From 23 to 26 February 2026, the United Nations Global Service Centre (UNGSC), in collaboration with the Office of Information and Communications Technology (OICT) and partners across Headquarters and field missions, convened the 4th Annual Data and Visualization Workshop: From Governance to Operations. Bringing together geospatial experts, data officers, and operational stakeholders from across peace operations, the workshop marked a significant step in translating policy frameworks into practical, mission-ready implementation.
Turning Strategy into Operational Reality
This year’s workshop directly reflected the priorities of the Geodata and GeoVisualization Working Groups Roadmap, which aims to establish a standardized, collaborative, and interoperable geospatial ecosystem aligned with the UN Data Strategy and UN Geospatial Strategy.
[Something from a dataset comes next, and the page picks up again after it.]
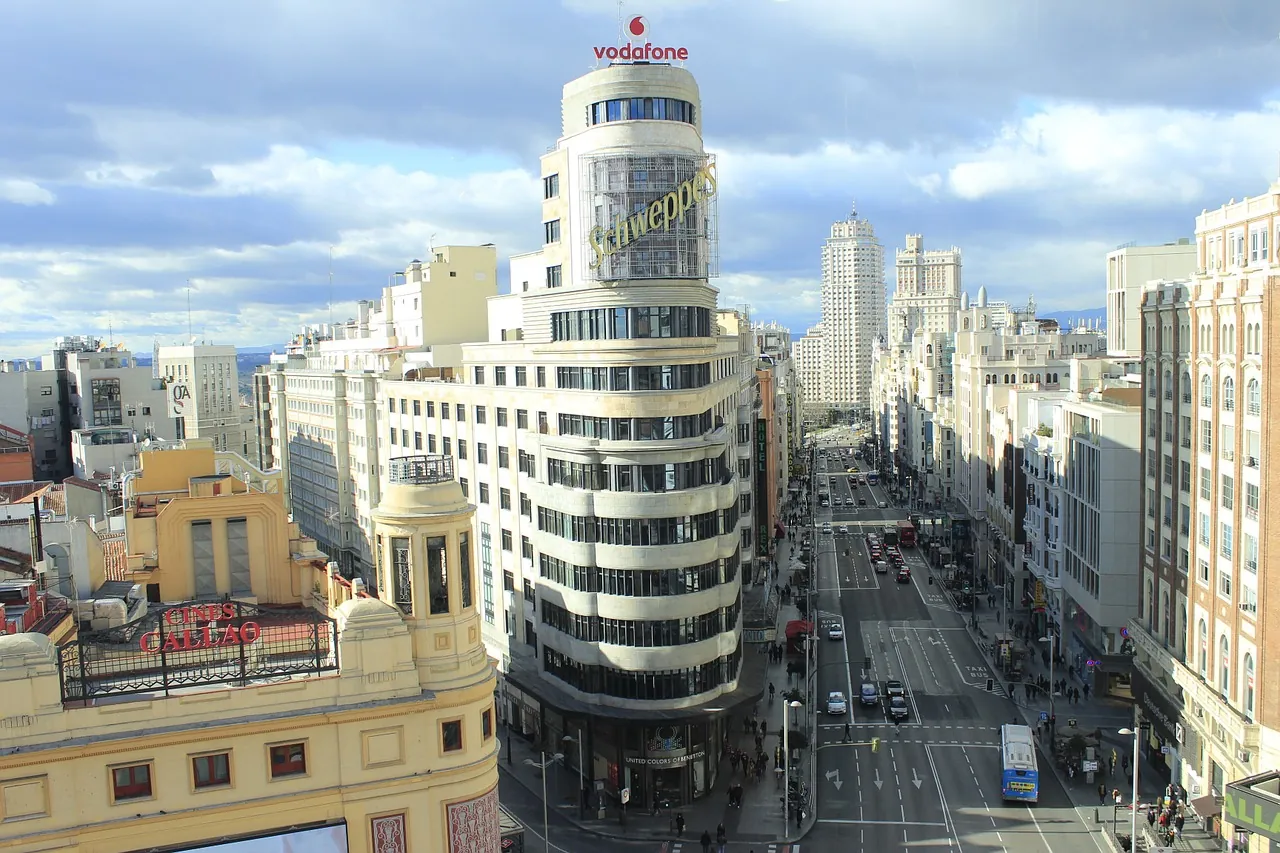 La Gran Vía de Madrid en verano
Over four days, participants moved beyond conceptual discussions and focused on operationalization: how governance, metadata, data quality, and custodianship frameworks within daily workflows support field missions.
Sessions addressed:
- Integration of geospatial assets into the UN Data Catalogue
- Practical implementation of geospatial data governance
- Hands-on application of the Data Quality Framework
- COGI data maintenance workflows
- Metadata onboarding and catalogue guidelines
- DevOps, automation, and dynamic web mapping
- AI applications for mapping, Digital Twin, and image acquisition
The programme's structure, combining policy-level presentations with practical demonstrations and field mission case studies, reinforced the workshop’s central theme: governance must serve operations.
Strengthening the Geospatial Community
The workshop also reaffirmed the mandate of the Geodata and GeoVisualization Working Group: to develop best practices, strengthen custodianship, enhance interoperability, and foster knowledge sharing across missions and Headquarters. The Geospatial community shared applied experiences, demonstrating how standardized workflows and quality-controlled datasets directly improve operational mapping, situational awareness, and decision support including contributions to Unite Aware and mission operations. Importantly, the event highlighted the evolution of the geospatial community from isolated technical functions toward a coordinated, governance-driven network with shared standards, shared tools, and shared accountability.
Data, Visualization and AI: The Next Frontier
Day four of the workshop focused on emerging technologies, including AI-powered mapping, Digital Twin applications, 3D building data, vector tile deployment, and high-resolution imagery services. These sessions emphasized that visualization is no longer an aesthetic enhancement; it is a strategic capability that transforms trusted data into actionable insights. By linking governance, quality management, metadata standards, automation, and AI-enabled visualization, the workshop demonstrated a coherent end-to-end ecosystem spanning from data acquisition to decision-making.
A Community Achievement
More than a technical gathering, the 4th Annual Data and Visualization Workshop showcased the maturity of the UN geospatial community. What began years ago as a standardization dialogue has evolved into a structured governance framework with concrete deliverables, measurable actions, and operational impact. In a complex and resource-constrained environment, the workshop reaffirmed a collective commitment: Geospatial data and visualization are not just products — they are strategic assets for peace operations, transforming trusted data into actionable insight through mapping and analysis. With strengthened governance foundations and growing technical and visualization capacity, the community moves into 2026 prepared not only to maintain standards, but also to continuously improve them together.